Q1: What are the potential problems when a DBMS executes multiple transactions concurrently?

Question:
What are the potential problems when a DBMS executes multiple transactions concurrently?

1. Phantom problem
2. The dirty read problem
3. Unrepeatable read problem
4. All of the above

Answer: Option (d) All of the above

Solution:

The above-mentioned problems and the lost update problem are effects of executing multiple transactions concurrently in a DBMS. Let’s break them down:

• Dirty Read: A transaction reads uncommitted changes from another transaction. If the other transaction rolls back, the read data becomes invalid.
• Unrepeatable Read: A transaction reads the same data twice but gets different results due to updates by another transaction.
• Phantom Problem: A transaction reads a set of rows that satisfy a condition, but another transaction inserts/deletes rows, causing inconsistent results.

Example:

• Transaction T1 updates a record but does not commit. Transaction T2 reads this uncommitted data. If T1 rolls back, T2’s data is inconsistent (Dirty Read).
• Transaction T1 reads all rows where salary > 50,000. If Transaction T2 inserts a new row with salary > 50,000, T1’s query returns inconsistent results (Phantom Problem).

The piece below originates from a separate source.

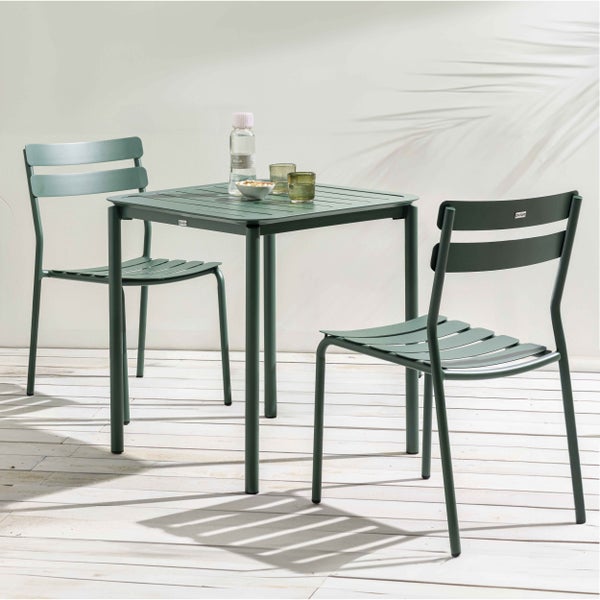 Gartenmöbel-Set bestehend aus einem quadratischen Metalltisch und Stühlen mit Latten-Design auf einer hellen Holzterrasse.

Q2: Assume transaction A holds a shared lock on R. If transaction B also requests a shared lock on R, it will:

Question:
Assume transaction A holds a shared lock on R. If transaction B also requests for a shared lock on R, it will:

1. Result in a deadlock situation
2. Immediately be granted
3. Immediately be rejected
4. Be granted as soon as released by A

Answer: Option (b) Immediately be granted

Solution:

Shared locks allow multiple transactions to read the same data item simultaneously without causing inconsistencies. Since both transactions only request a shared lock, they can coexist without any conflict or deadlock.

Example:

• Transaction A locks record R1 for reading. Transaction B also requests a shared lock for R1. Since shared locks do not block read operations, the request is granted immediately.

Q3: Consider the following schedules involving 2 transactions. Which of the following statements are true?

Question:
Schedules:

S1: r1(X); r1(Y); r2(X); r2(Y); w2(Y); w1(X)
S2: r1(X); r2(X); r2(Y); w2(Y); r1(Y); w1(X)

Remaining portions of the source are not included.